Since this information is essential to the dataset, producing files as described in the “Billion Taxi Rides in Redshift” blog post is no longer feasible due to the missing detailed location data. However, the internet never forgets. Hence, we located instances of the original dataset distributed by various sources, such as [1], [2], and [3]. Using these sources, we combined the original CSV files with weather information from the scripts referenced in the “Billion Taxi Rides in Redshift” blog post.

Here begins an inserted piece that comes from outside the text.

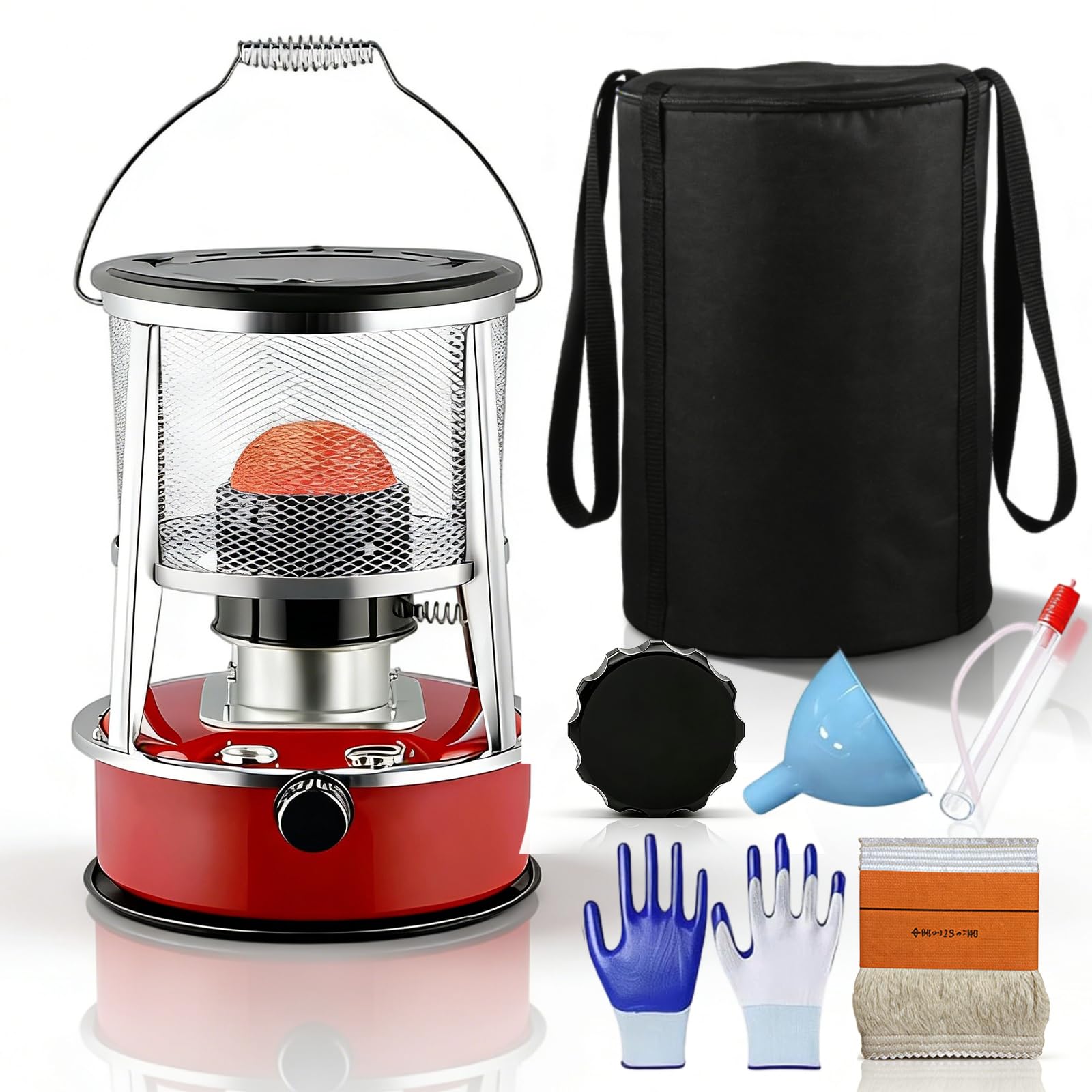Kerosene Heaters for Indoor Use, 2 in 1 Portable Kerosene Heater & Stove, 9000 BTU Non Electric Heater for Large Rooms,18-21h Runtime, for Tents, Garage, Ice Fishing, Camping & Emergency Use (Black) — view 8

How Does This Dataset Differ from the Original One?
There are two significant differences between the dataset we distribute and the one from the “Billion Taxi Rides in Redshift” blog post:
- Our dataset includes data up to the last date that longitude and latitude information was available (June 30, 2016), whereas the original post only included data up to the end of 2015 (understandable, as the post was written in February 2016).
- We also included Uber trips, which were excluded from the original post.
If you wish to run the benchmark with a dataset as close to the original as possible, you can generate a new table by filtering out the additional data. For example:
CREATE TABLE trips_og AS
FROM trips
WHERE pickup_datetime < '2016-01-01'
AND cab_type != 'uber';
Conclusion
In this blog post, we discussed how to run the taxi benchmark on DuckDB, and we've made all scripts available so you can benchmark your preferred system as well. We also demonstrated how this highly relevant benchmark can be used to evaluate our operators and gain insights into areas for further improvement.